The Cambridge History of English and American Literature in 18 Volumes (1907–21).
Volume XII. The Romantic Revival.
§ 6. La Belle Dame Sans Merci
What remains of the companion piece, The Eve of St. Mark’s, though conceived at the same time, was written some months later, and it remained unfinished. Once more, a saint’s day legend sets astir the devout heart of a young girl. But the pictorial artistry, even more exquisite, is in the subtler, more reticent, manner of Christabel. “It is quite in the spirit of town quietude,” wrote Keats. An old minister, “on a coolish evening,” echoing footfall, drowsy chimes and Bertha’s chamber in the gloaming with the play of her flickering shadow upon screen and panel—subdued effects like these replace the “bitter cold,” the gules and argent of St. Agnes. And there are hints of a delicate grotesquerie equally foreign to that poem, but, like its delicate finished realism, its miniature description, fore-shadowing Rossetti, who regarded it as, together with La Belle Dame,“in manner the choicest and chastest of Keats’s work.” The other, not less wonderful, romance of this spring, La Belle Dame sans Merci (April, 1819), may, also, be called a companion poem of The Eve of St.
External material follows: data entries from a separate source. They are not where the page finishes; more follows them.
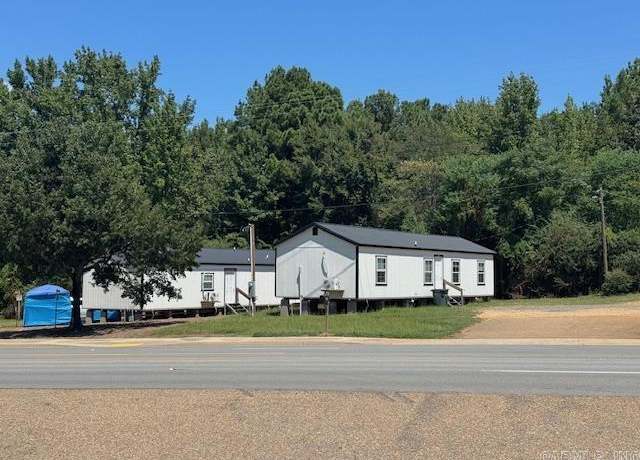Property at 916 W Hwy. 278 Hwy, Monticello, AR 71655, 2 beds, 1 bath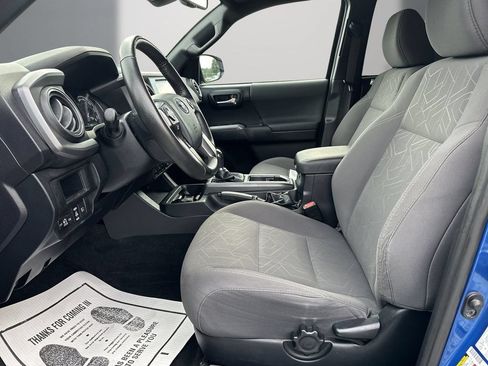 Used 2018 Toyota Tacoma SR5 RWD image 12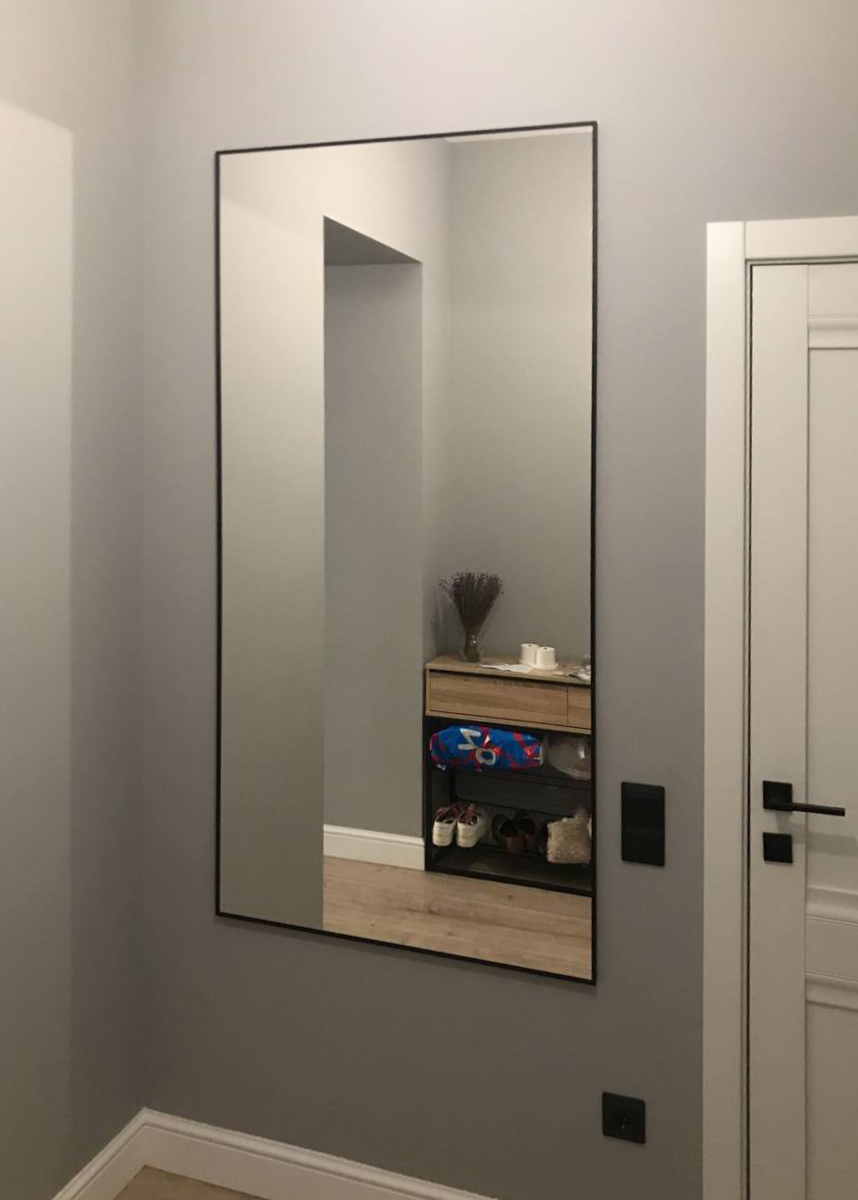 Зеркало Зеркало в черной алюминиевой раме 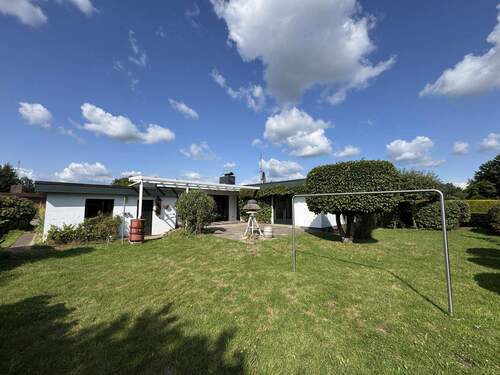 Garten - Einfamilienhaus mit 120,30 m² in Uetersen zum Kaufen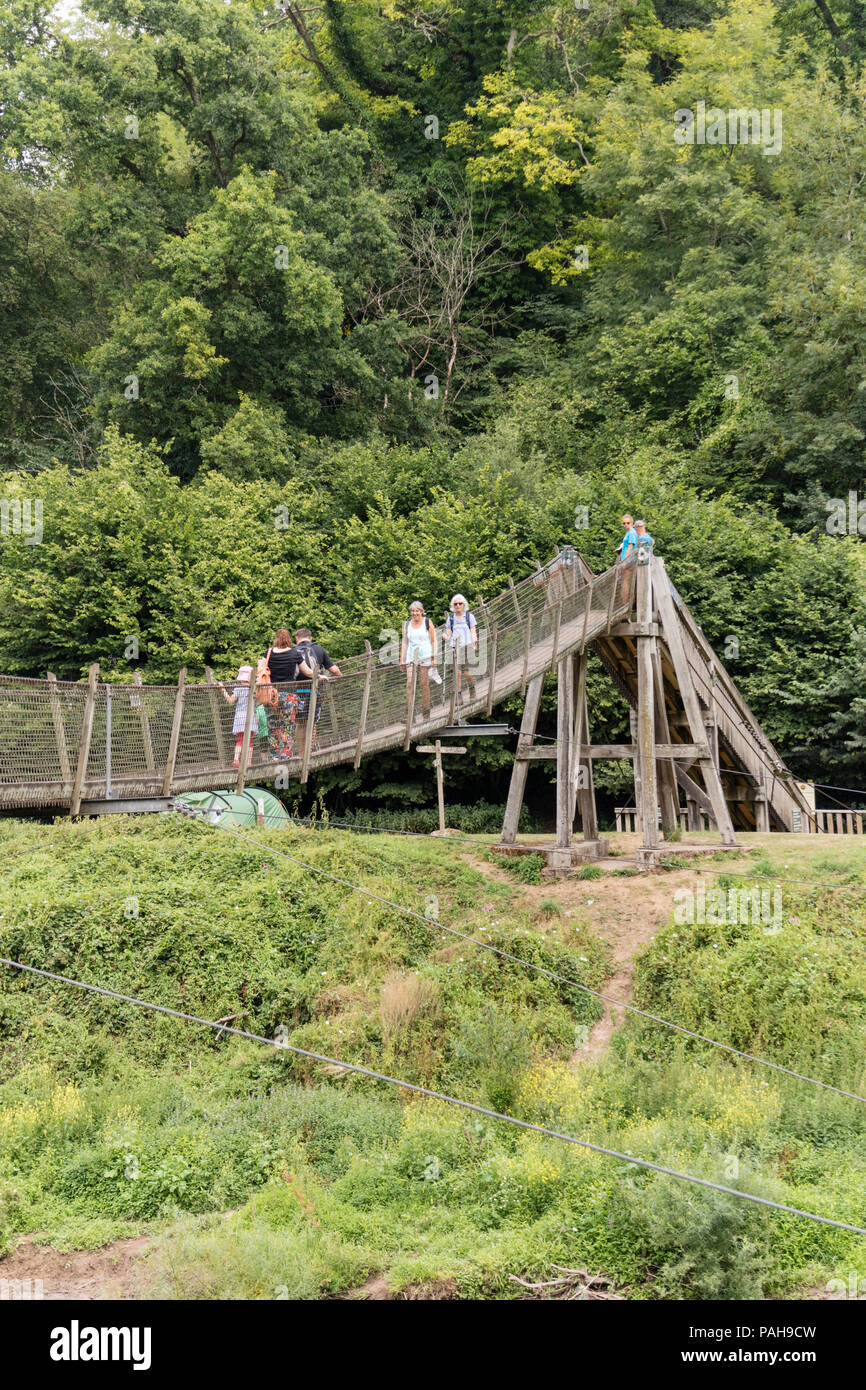 Biblins ponte di sospensione cercando di fronte a Symonds Yat ad est oltre il fiume Wye, Wye Valley, Herefordshire, England, Regno Unito Foto Stock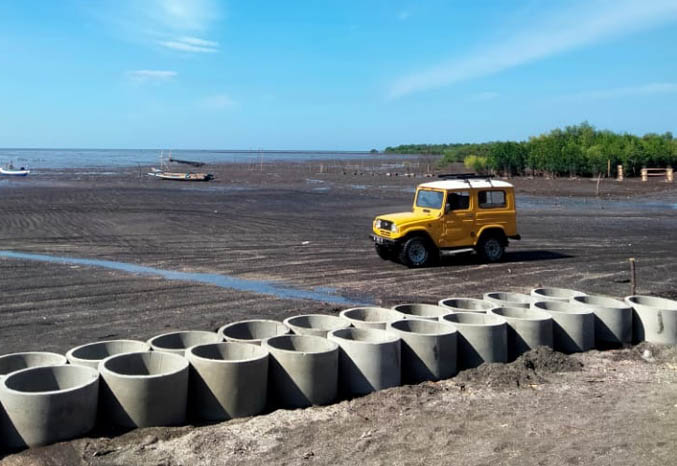 SEMAKIN DIPERCANTIK: Suasana di Pantai Bahak Tongas saat siang hari. Saat ini di lokasi tengah ada pembangunan sarana dan prasarana untuk menunjang wisata. (Foto: Arif Mashudi/Jawa Pos Radar Bromo)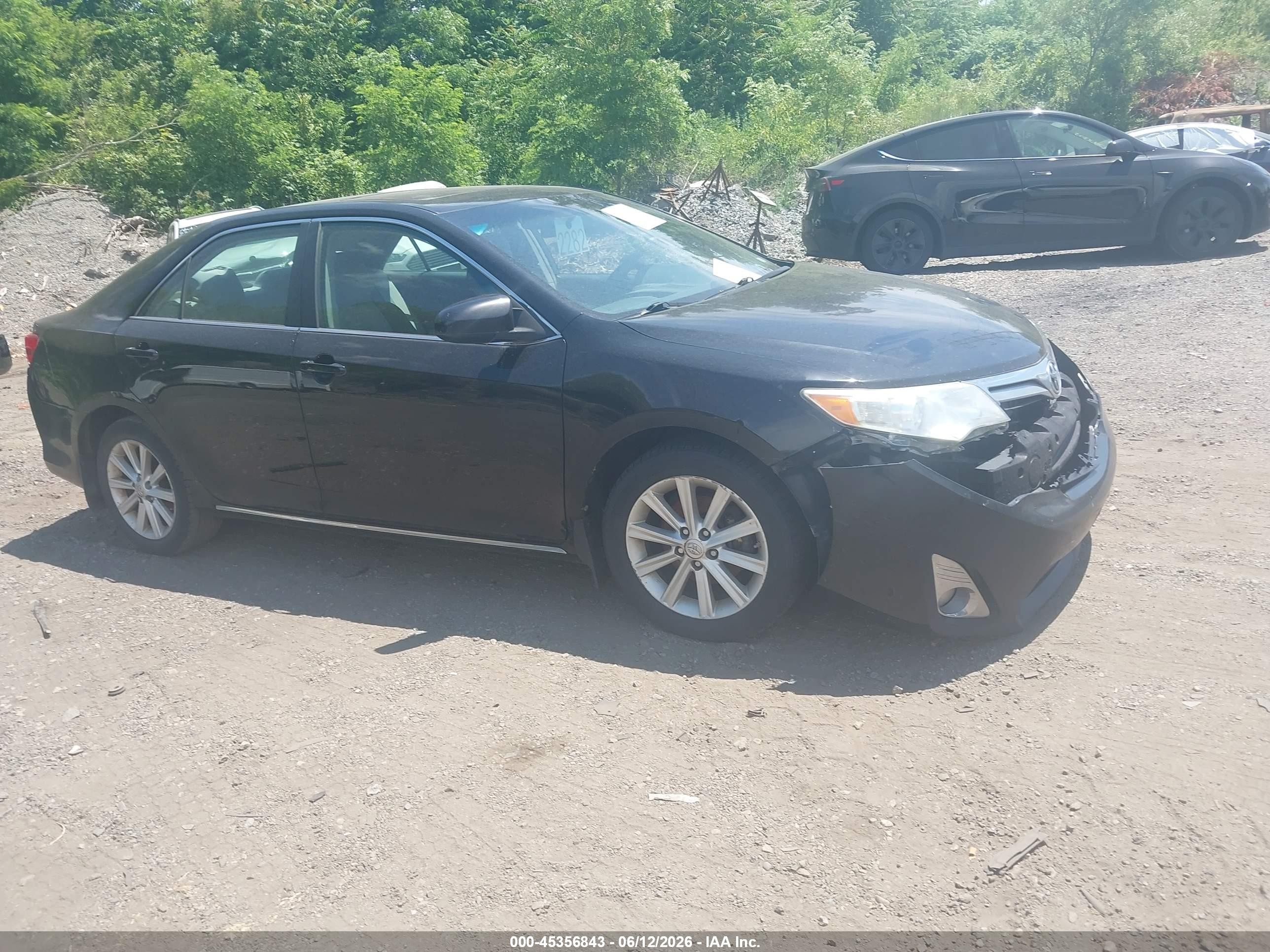 2014 Toyota Camry Xle Черный vin: 4T4BF1FK7ER370109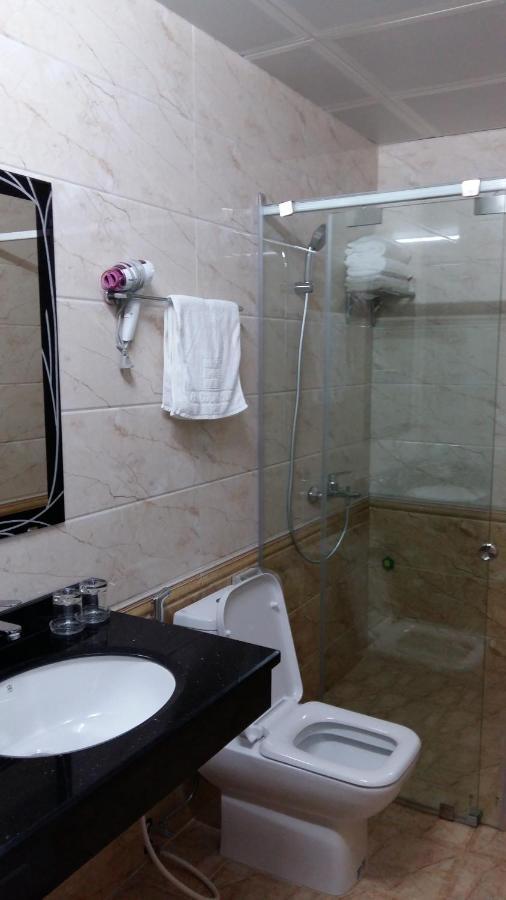Hoa Cuong Hotel - Dong Van Exterior photo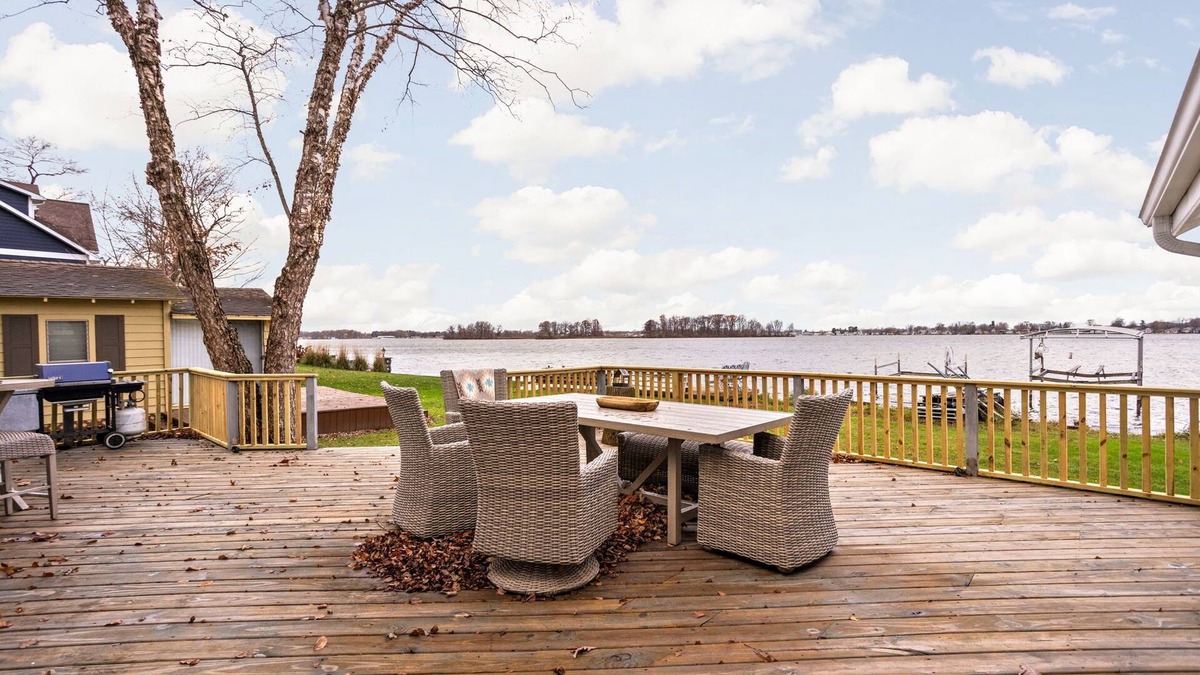 Rochester House | Lakefront Luxury on Lake Manitou - Modern Comforts & Stunning Views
Agnes; but the ways of Keats’s genius are here seen in a totally different, almost opposite, aspect. The woeful knight at arms, like Madeline, has awakened from a dream; but his awakening is poignant disillusion, not blissful fulfilment; the desolate moor, not the fragrant chamber and the lover’s presence. And his weird chant is in subtlest sympathy with his forlornness. Instead of the jewelled richness, the saturated colour of The Eve of St. Agnes, we have a style of horror-stricken reticence and suggestion, from which colour and definite form have been withdrawn; and a music of brief haunting cadences, not of eloquent, articulated phrase. The character of each poem is accentuated in the final line of its stanza: the Alexandrines of The Eve of St. Agnes are points of heightened entrain, the short slow closing verses of La Belle Dame (“And no birds sing”), moments of keener suspense.